×

Another 20 COVID deaths reported in West Virginia

CHARLESTON — A 42-year-old man Roane County was among the 20 deaths from the coronavirus reported on Monday by the West Virginia Department of Health and Human Resources.

The state also confirmed the deaths of a 76-year-old man from Jackson County and a 74-year-old man from Pleasants County in Monday’s pandemic update.

The death toll since the pandemic started more than two years ago is 5,763 as of Monday, according to the state.

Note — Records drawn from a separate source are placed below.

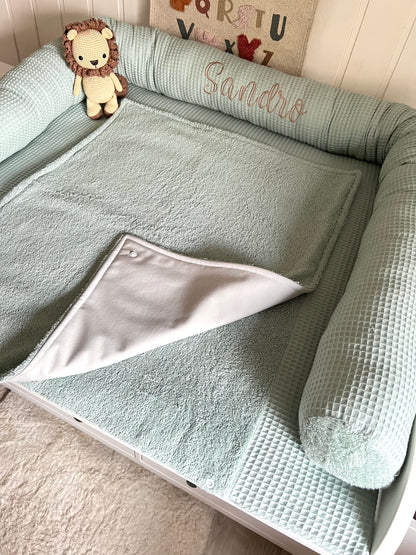 Wickelauflage Set "Waffelpique hellgrün/mint+Frottee hellgrün/mint“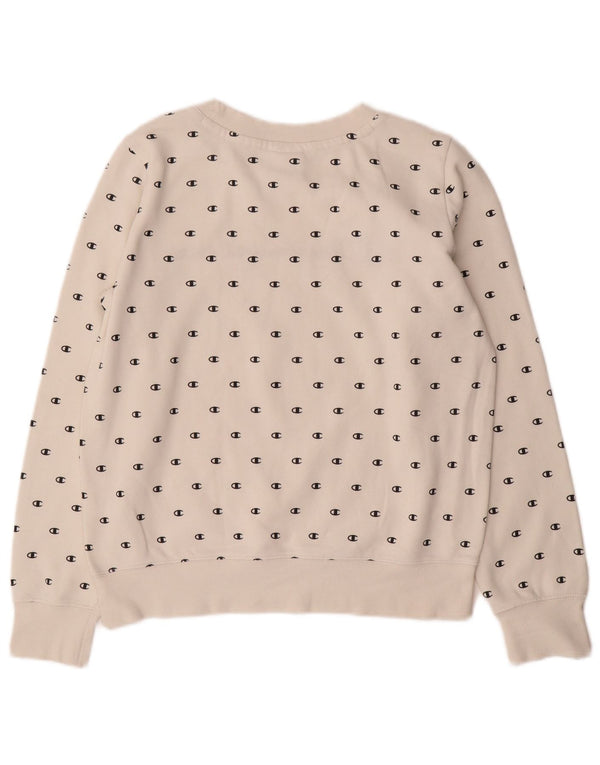 CHAMPION Sudadera gráfica para mujer Jumper UK 14 Medium White Cotton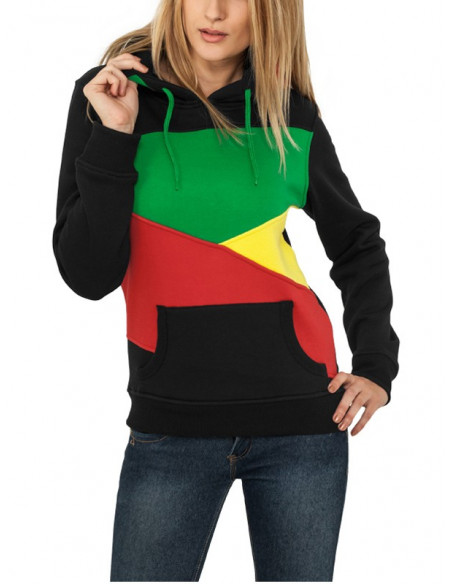Urban Classics Ladies Zig Zag Hoody blk/rasta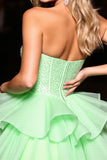 Green Corset A Line Homecoming Dress with Beading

In comparison, the population of Princeton is about 5,500.

Deaths also were confirmed Monday of residents from Mercer, Ohio, Jefferson, Kanawha, Harrison, Monongalia, Berkeley, Randolph, Mineral and counties.

“Protect your loved ones by scheduling a COVID vaccine or booster,” said department Secretary Bill J. Crouch. “Both are available at clinics, pharmacies, local health departments and pop-up events statewide.”

The number of active cases is generally trending downward.

Active cases on Monday were reported at 15,490 with 1,710 new cases received since the last report on Sunday. Active cases were 17,468 on Sunday and 17,098 on Friday.

For the first time since omicron became the dominant strain of the virus in West Virginia, the transmission rate, called the Rt number, has dropped below 1 to 0.97, Dr. Clay Marsh, West Virginia coronavirus leader and adviser, said.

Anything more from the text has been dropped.